EXCERPTED RECORDS
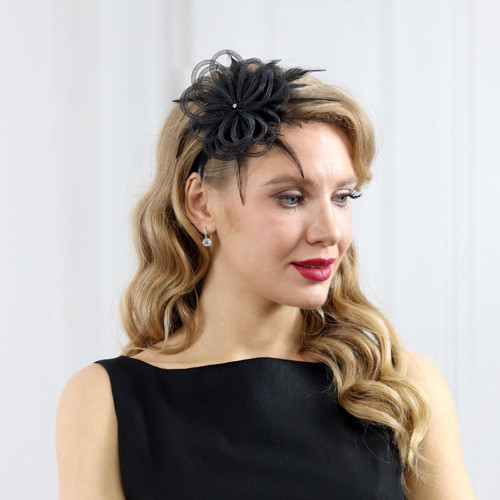 Chiara - fascinátor s krystaly a peřím, černá — foto 2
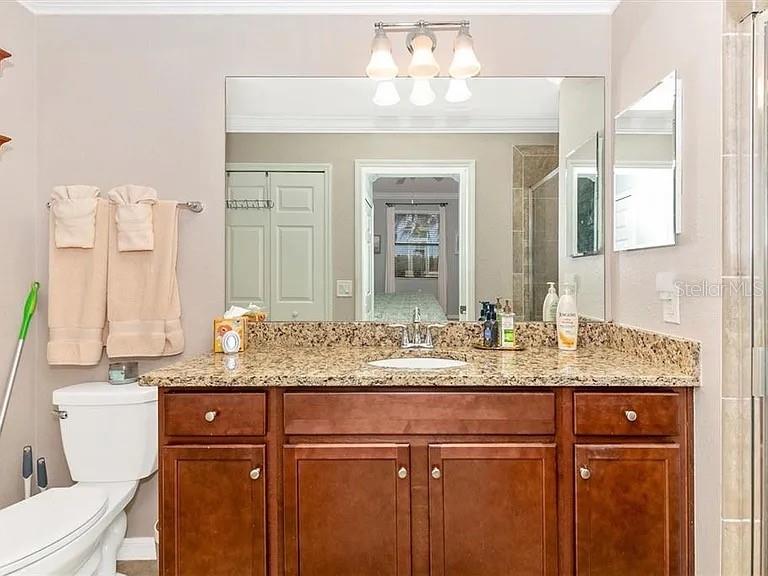 Image 18 of 76 For 17108 Vardon Terrace 105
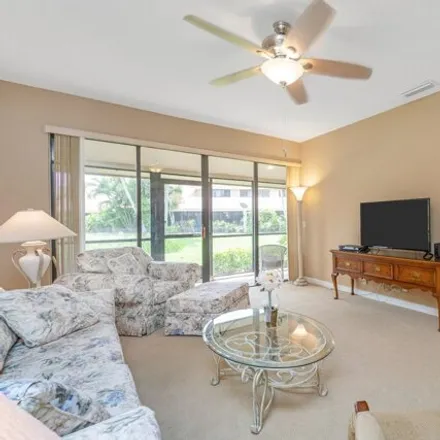 Image 4 - Old Meadow Way, Palm Beach Gardens, FL 33418, USA - Condo for rent
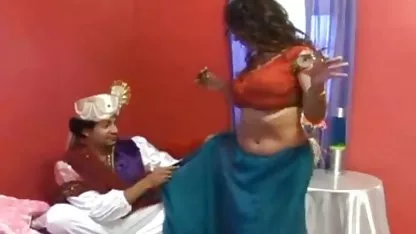 Fille x amateur black en bas saute sur le pénis de son copain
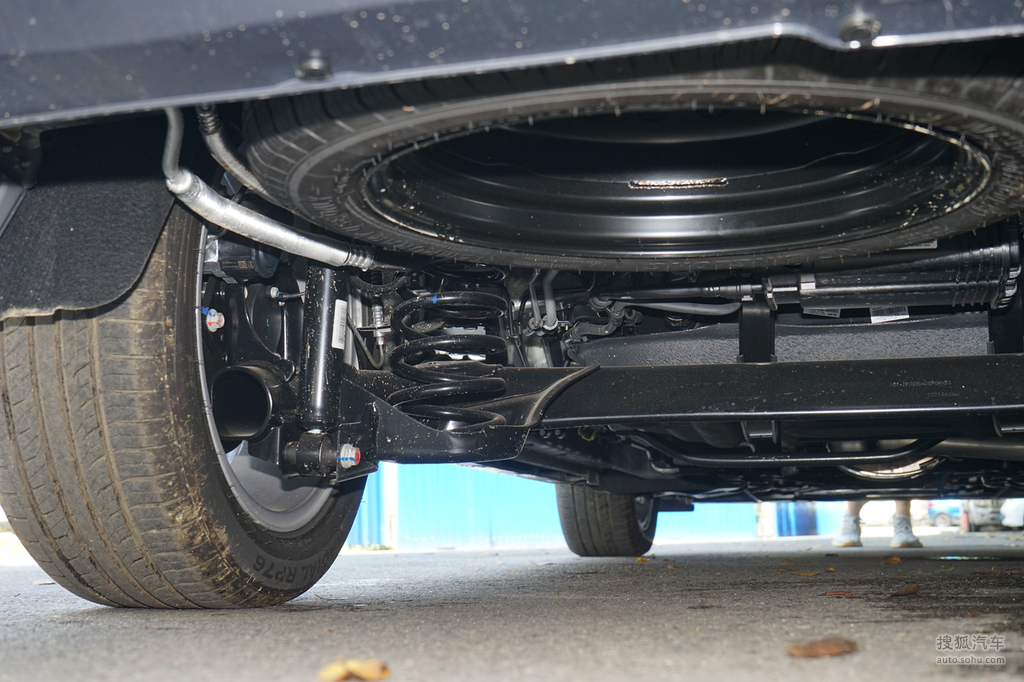 【 比亚迪宋max高清图片】_底盘发动机_搜狐汽车网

ABOUT THIS TASK
The entries above should be retyped word for word, with all pictures omitted.

TASK OUTPUT
 Chiara - fascinátor s krystaly a peřím, černá — foto 2
 Image 18 of 76 For 17108 Vardon Terrace 105
 Image 4 - Old Meadow Way, Palm Beach Gardens, FL 33418, USA - Condo for rent
 Fille x amateur black en bas saute sur le pénis de son copain
 【 比亚迪宋max高清图片】_底盘发动机_搜狐汽车网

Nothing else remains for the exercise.